Daniel Libeskind's Secret Museum of the Kurds
Bloomberg Businessweek|April 11 - April 24, 2016

​The architect of the World Trade Center master plan reveals his design for a museum in northern Iraq.

Elizabeth Greenspan
Daniel Libeskind's Secret Museum of the Kurds

Seven years ago an intermediary for the prime minister of Iraqi Kurdistan, Nechirvan Barzani, asked the architect Daniel Libeskind to design a museum. It was to be built in the autonomous region’s capital city, Erbil, in the northern part of Iraq, and it would be the first, Barzani told him through the intermediary, to tell the story of his people, an ethnic minority that’s survived decades of violence and oppression. The prime minister imagined an institution that would confront past horrors—in particular, Saddam Hussein’s genocidal attack on the Kurds in the late 1980s, which Kurds call the Anfal—as well as celebrate Kurdish culture. And it would cement Erbil’s status as a world-class tourist destination. 

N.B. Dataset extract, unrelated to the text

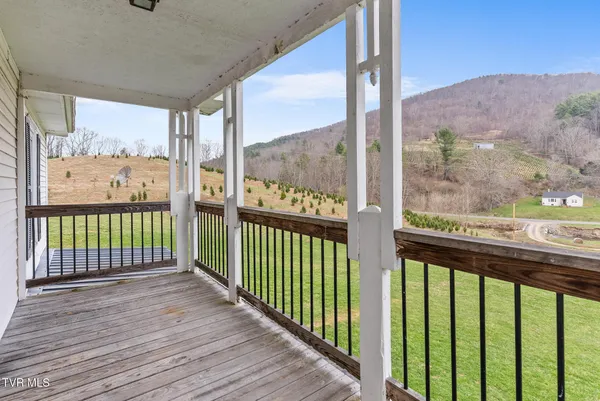 $465,000 | 4025 Fox Creek Road, Mouth Of Wilson, VA 24363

At the time, in 2009, this seemed achievable. Parts of Iraq were still in turmoil, but Erbil was attracting foreign investment and building shopping malls and hotels. The city’s governor took to calling it the new Dubai. Even in relatively peaceful times, though, a museum dedicated to Kurdish identity is a sensitive proposition. The Kurds, most of whom are Muslim, do not have their own country. They live in a region that crosses the borders of Iraq, Iran, Syria, and Turkey, and they’ve often been persecuted in all four. So Barzani’s representative made an extraordinary request: He asked Libeskind to keep the project a secret. The architect agreed, and over the years he’s limited word of the project to senior staff, who were instructed not to discuss it. When media or clients came through his New York studio, staff scooped up the project’s designs and stowed them away in drawers and cupboards until the visitors had left.